When people first move to Southern California, our dates can come as a shock to them -- not the romantic kind or the ones on the calendar, but the fruit. Nowhere else has dates so luscious, so sweet and syrupy. And so varied.
In most of the United States, when you go looking for dates the only thing you'll find are hard little pellets that look like rabbit food. These might be OK for baking -- as long as you cook them long enough beforehand -- but they're nothing on the real thing.
But in Southern California, not only do we get dates that haven't dried into pebbles, we get a more than a half-dozen varieties of them. And at farmers markets, you can even find them at various stages of ripeness, from the apple-crisp khalal Barhis, sold on the branch, to rutab Medjools that resemble nothing so much as a barely jelled sugar syrup encased in a thin crust.
Which dates you prefer will depend on your taste, the farmer and the exact time of the fall you're shopping, so the best advice is to sample each and see what meets your approval. I'm normally a Medjool or Barhi guy, but I've had Halawys that were nearly custardy. Exquisite.
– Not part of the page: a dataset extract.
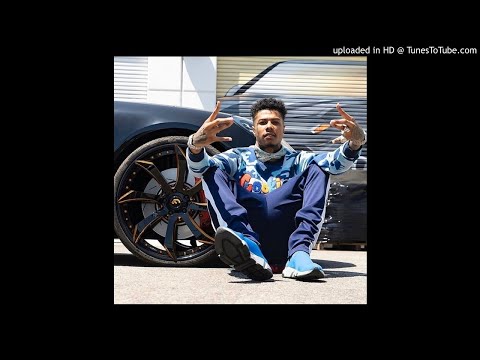 [FREE] (PIANO) Blueface x YG x Shoreline Mafia x 1TakeJay Type Beat “DASH” [PROD. ROBBIE]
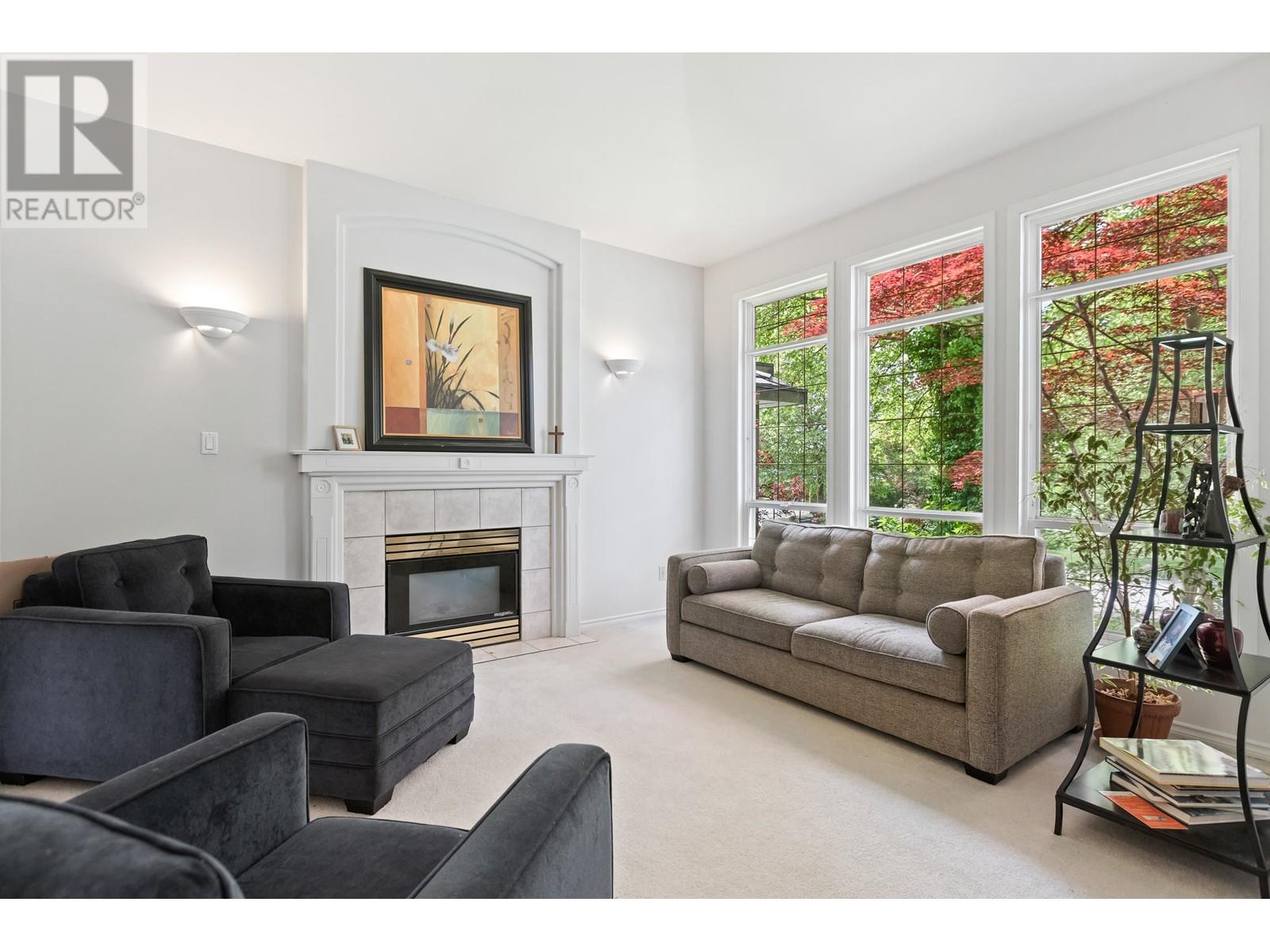 10610 238 STREET, Maple Ridge real estate listing R3003367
Put these on a platter with some sliced Honeycrisp apples or Bartlett pears and you've got a perfect fall dessert. In a couple of weeks, when the first good mandarins come in, that makes a magical combination.
How to choose: For the most part, choosing dates is as simple as picking the ones you like -- they are either dried or semi-dried, so they are not as fragile as most other fruits. The one thing I do is give them a good smell to check for any fermented odors.
How to store: You can keep most dates at room temperature for at least a week. The semi-dried rutab dates do need to be refrigerated, as do any dates you're planning on saving for an extended period.